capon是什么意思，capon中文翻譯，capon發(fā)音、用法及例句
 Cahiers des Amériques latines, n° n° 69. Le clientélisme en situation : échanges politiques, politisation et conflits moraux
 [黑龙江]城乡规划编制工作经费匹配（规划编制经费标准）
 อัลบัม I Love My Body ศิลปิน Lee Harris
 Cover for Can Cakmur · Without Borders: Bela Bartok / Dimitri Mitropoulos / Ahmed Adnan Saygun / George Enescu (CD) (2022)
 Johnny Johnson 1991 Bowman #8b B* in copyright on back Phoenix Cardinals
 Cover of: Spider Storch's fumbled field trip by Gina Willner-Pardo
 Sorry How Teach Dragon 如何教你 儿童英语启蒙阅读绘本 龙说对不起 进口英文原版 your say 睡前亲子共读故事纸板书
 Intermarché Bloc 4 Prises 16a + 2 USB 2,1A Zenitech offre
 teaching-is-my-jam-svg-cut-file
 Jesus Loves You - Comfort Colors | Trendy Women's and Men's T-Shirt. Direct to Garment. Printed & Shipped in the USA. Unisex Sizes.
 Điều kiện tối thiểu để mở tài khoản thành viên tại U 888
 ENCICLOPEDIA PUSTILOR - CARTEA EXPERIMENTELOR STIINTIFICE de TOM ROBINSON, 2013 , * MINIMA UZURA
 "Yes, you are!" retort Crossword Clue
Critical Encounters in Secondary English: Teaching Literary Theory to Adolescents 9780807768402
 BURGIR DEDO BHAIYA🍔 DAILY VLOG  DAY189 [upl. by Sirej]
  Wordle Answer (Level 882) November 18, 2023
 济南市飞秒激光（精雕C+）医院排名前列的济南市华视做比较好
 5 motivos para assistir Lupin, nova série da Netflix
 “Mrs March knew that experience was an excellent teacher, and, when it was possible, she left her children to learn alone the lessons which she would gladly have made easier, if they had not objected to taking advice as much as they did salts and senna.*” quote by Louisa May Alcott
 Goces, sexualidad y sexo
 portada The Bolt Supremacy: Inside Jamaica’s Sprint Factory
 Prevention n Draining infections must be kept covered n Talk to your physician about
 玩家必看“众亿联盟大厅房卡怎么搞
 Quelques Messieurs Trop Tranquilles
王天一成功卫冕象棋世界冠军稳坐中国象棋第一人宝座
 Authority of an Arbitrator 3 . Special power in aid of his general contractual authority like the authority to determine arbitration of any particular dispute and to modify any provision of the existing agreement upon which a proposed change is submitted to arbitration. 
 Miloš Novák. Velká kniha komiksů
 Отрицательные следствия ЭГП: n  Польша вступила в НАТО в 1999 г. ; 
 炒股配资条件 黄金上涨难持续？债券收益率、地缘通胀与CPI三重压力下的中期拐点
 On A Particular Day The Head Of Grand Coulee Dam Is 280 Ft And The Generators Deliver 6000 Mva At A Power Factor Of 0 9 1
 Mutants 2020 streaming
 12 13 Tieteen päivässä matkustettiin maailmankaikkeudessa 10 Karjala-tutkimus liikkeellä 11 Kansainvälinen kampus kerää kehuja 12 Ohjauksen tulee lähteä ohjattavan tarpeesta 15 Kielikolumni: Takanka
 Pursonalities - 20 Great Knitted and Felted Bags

- YOUR ASSIGNMENT
Would you mind copying all of the records exactly?

- EXERCISE RESPONSE
capon是什么意思，capon中文翻譯，capon發(fā)音、用法及例句
 Cahiers des Amériques latines, n° n° 69. Le clientélisme en situation : échanges politiques, politisation et conflits moraux
 [黑龙江]城乡规划编制工作经费匹配（规划编制经费标准）
 อัลบัม I Love My Body ศิลปิน Lee Harris
 Cover for Can Cakmur · Without Borders: Bela Bartok / Dimitri Mitropoulos / Ahmed Adnan Saygun / George Enescu (CD) (2022)
 Johnny Johnson 1991 Bowman #8b B* in copyright on back Phoenix Cardinals
 Cover of: Spider Storch's fumbled field trip by Gina Willner-Pardo
 Sorry How Teach Dragon 如何教你 儿童英语启蒙阅读绘本 龙说对不起 进口英文原版 your say 睡前亲子共读故事纸板书
 Intermarché Bloc 4 Prises 16a + 2 USB 2,1A Zenitech offre
 teaching-is-my-jam-svg-cut-file
 Jesus Loves You - Comfort Colors | Trendy Women's and Men's T-Shirt. Direct to Garment. Printed & Shipped in the USA. Unisex Sizes.
 Điều kiện tối thiểu để mở tài khoản thành viên tại U 888
 ENCICLOPEDIA PUSTILOR - CARTEA EXPERIMENTELOR STIINTIFICE de TOM ROBINSON, 2013 , * MINIMA UZURA
 "Yes, you are!" retort Crossword Clue
Critical Encounters in Secondary English: Teaching Literary Theory to Adolescents 9780807768402
 BURGIR DEDO BHAIYA🍔 DAILY VLOG  DAY189 [upl. by Sirej]
  Wordle Answer (Level 882) November 18, 2023
 济南市飞秒激光（精雕C+）医院排名前列的济南市华视做比较好
 5 motivos para assistir Lupin, nova série da Netflix
 “Mrs March knew that experience was an excellent teacher, and, when it was possible, she left her children to learn alone the lessons which she would gladly have made easier, if they had not objected to taking advice as much as they did salts and senna.*” quote by Louisa May Alcott
 Goces, sexualidad y sexo
 portada The Bolt Supremacy: Inside Jamaica’s Sprint Factory
 Prevention n Draining infections must be kept covered n Talk to your physician about
 玩家必看“众亿联盟大厅房卡怎么搞
 Quelques Messieurs Trop Tranquilles
王天一成功卫冕象棋世界冠军稳坐中国象棋第一人宝座
 Authority of an Arbitrator 3 . Special power in aid of his general contractual authority like the authority to determine arbitration of any particular dispute and to modify any provision of the existing agreement upon which a proposed change is submitted to arbitration. 
 Miloš Novák. Velká kniha komiksů
 Отрицательные следствия ЭГП: n  Польша вступила в НАТО в 1999 г. ; 
 炒股配资条件 黄金上涨难持续？债券收益率、地缘通胀与CPI三重压力下的中期拐点
 On A Particular Day The Head Of Grand Coulee Dam Is 280 Ft And The Generators Deliver 6000 Mva At A Power Factor Of 0 9 1
 Mutants 2020 streaming
 12 13 Tieteen päivässä matkustettiin maailmankaikkeudessa 10 Karjala-tutkimus liikkeellä 11 Kansainvälinen kampus kerää kehuja 12 Ohjauksen tulee lähteä ohjattavan tarpeesta 15 Kielikolumni: Takanka
 Pursonalities - 20 Great Knitted and Felted Bags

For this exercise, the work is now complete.